In VisIt, because it has an option to randomly generate seeds within a radius, could avoid the StreamTracerWithCustomSource approach, which can be flaky. With the camera where it is, not much of a visual difference. I’m not sure if VisIt can export geometry, but if it can, then the rest of the workflow would be the same.

Gas Density

This was a total hack. ParaView had no idea how to volume render spherical meshes, it would just churn for hours (let it run overnight once) and produce nothing.
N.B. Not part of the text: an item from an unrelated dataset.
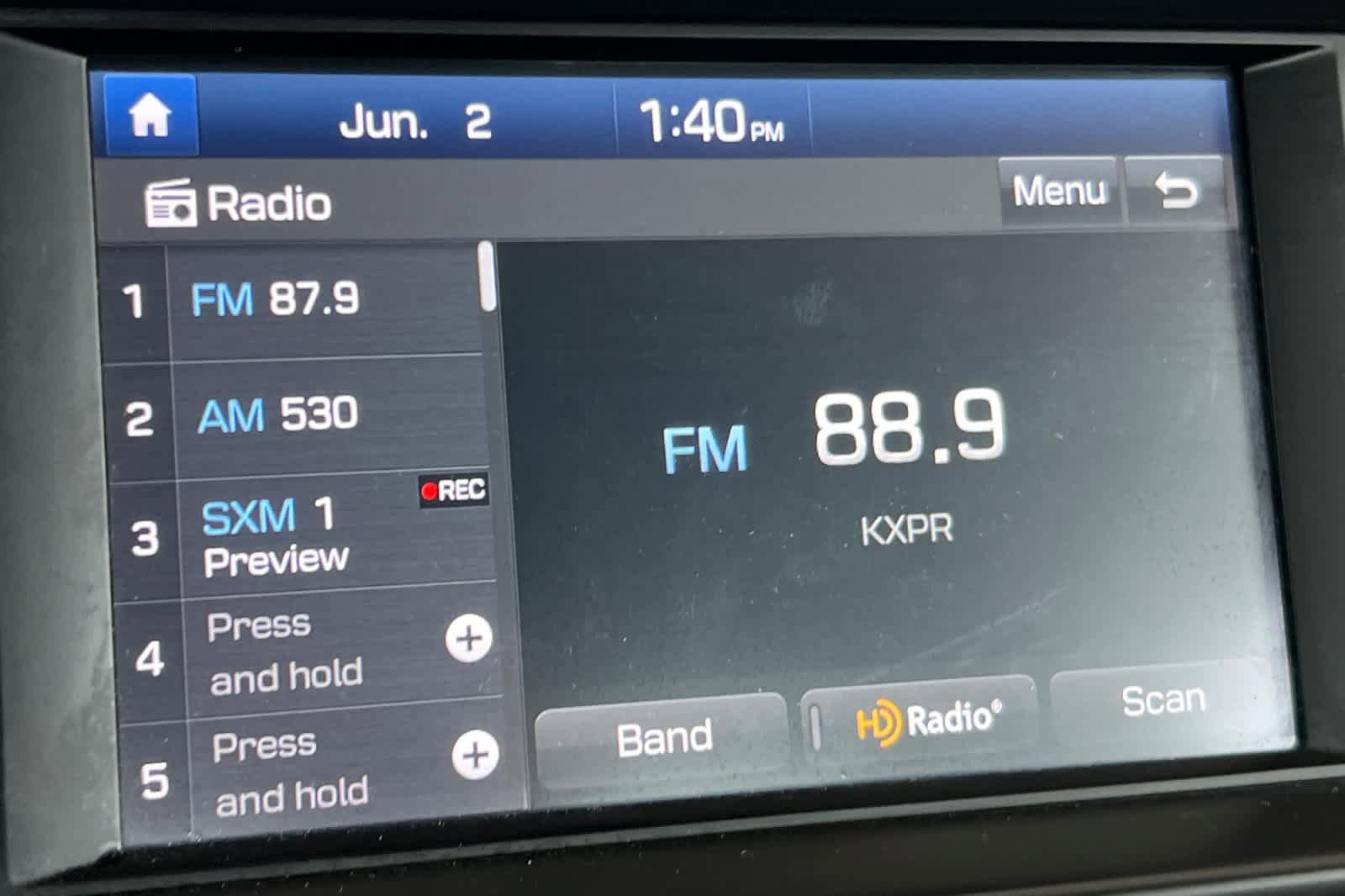 Used 2020 Hyundai Elantra SEL FWD image 18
However, ParaView has a GPU ray cast option, which is very fast, but requires vtkXMLImageData or vtkPointData and that the mesh can fit into VRAM.

Unfortunately, I don’t seem to have the ParaView state file for this, but essentially the process was:

  • Load the vts sequence.

  • Apply a Clip filter, box mode, I think around -200, 200, -200, 200 and -50, 50 in X, Y, Z. Important to make sure to keep the cells intersecting the box for the next step.
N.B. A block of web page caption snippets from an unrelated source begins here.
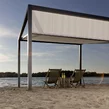 pergola KUBUS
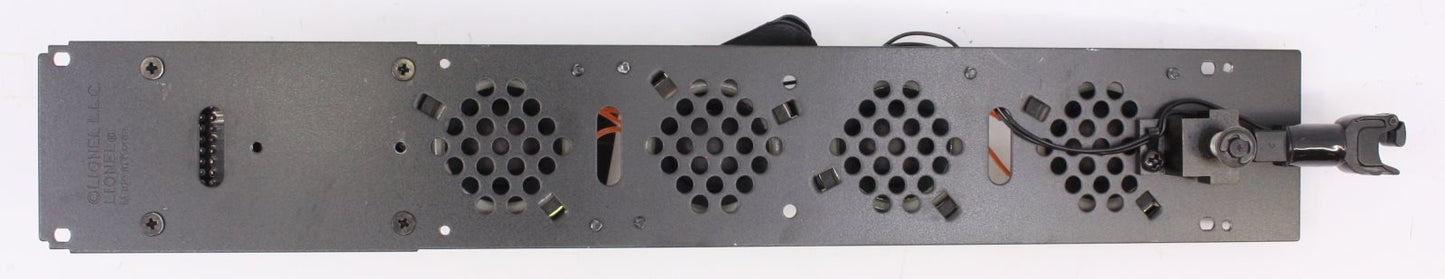 Lionel 38097-T15 New York Central Tender Frame with Speakers & PCB Circuit Board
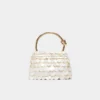 Bolso con asa superior Adyaa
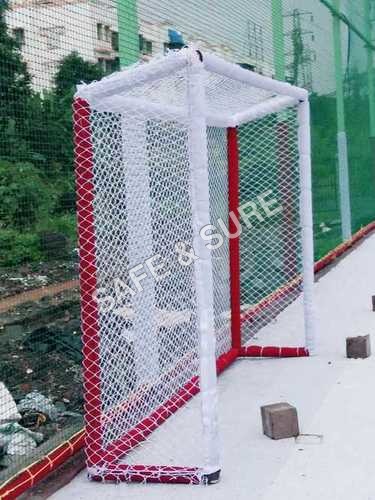 Goal Pass Net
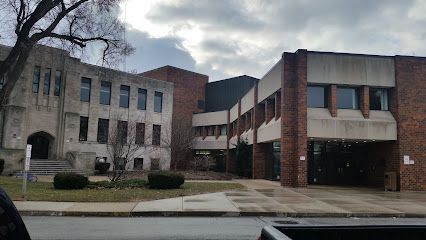 Regional Mental Health Center Stark Center facility photo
  • Apply an Image Resampling filter. I believe I resampled at 2000x2000x250.

  • Then it was either Save Geometry … or in the Python console calling a Write().

GPU ray casting was now interactive. The hard part was getting the colormap and opacity curves to be interesting. This was just having patience and playing with the settings until getting something useful.
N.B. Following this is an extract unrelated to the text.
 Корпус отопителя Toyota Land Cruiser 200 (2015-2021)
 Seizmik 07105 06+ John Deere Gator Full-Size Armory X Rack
  • render.sh, rho_volume.py: These might have been for testing, I ran into an issue when I got to After Effects and I may have ended up just re-rendering the frames directly from ParaView.

Magnetic Field Intensity

  • make_slice_normal.py: Uses vtkpython, outputs vtkXMLPolyData. Extracted slice geometry again, the trick was to extract the slice based on the BH’s

  • orbit_camera.py: Uses vtkpython, outputs images. Places the camera based on the normal to the slice plane at the origin. Couldn’t figure out how to synchronize the camera orbit with the slices in PV, either through the GUI or with pvpython.

  • visit_renders.pbs, BHslice.py: This is a bare-bones VisIt version which works on Blue Waters.


Video Production

  • Test videos done on workstation with ffmpeg.

  • Drafts and final video done with Adobe After Effects on Win 7.

  • During the previous steps, rendered frames as individual .tifs or .pngs at HD1080. Would have preferred to render at 4K or 8K and then downsampled. Still have jaggies in a lot of places. Also some color balance or video output settings issues, nothing looks quite as good as the individual frames on my workstation monitor.

  • Time scale was kind of guessing to stretch out what we had, I think I ended up going with about 12 rendered frames per sec, which was then time interpolated for 30 fps for the .mov.

  • Text annotations added in AE, added gaussian blur, that might be a defect of our Windows setup (long story).

  • Un-annotated colormap bars rendered separately for placement in AE, easier than futzing around in ParaView.

  • fade-in/out intertitles, looks better and lengthens video. Video was a little short by showcase standards. Most were closer to 3-5 minutes.

  • Saved as Quicktime H.264 but there’s a million options in AE.

Miscellaneous

PV will not correctly mix polygonal geometry inside of a volume. VisIt will, but only if opaque. Because of this, and parallelization issues, moving further production to VisIt.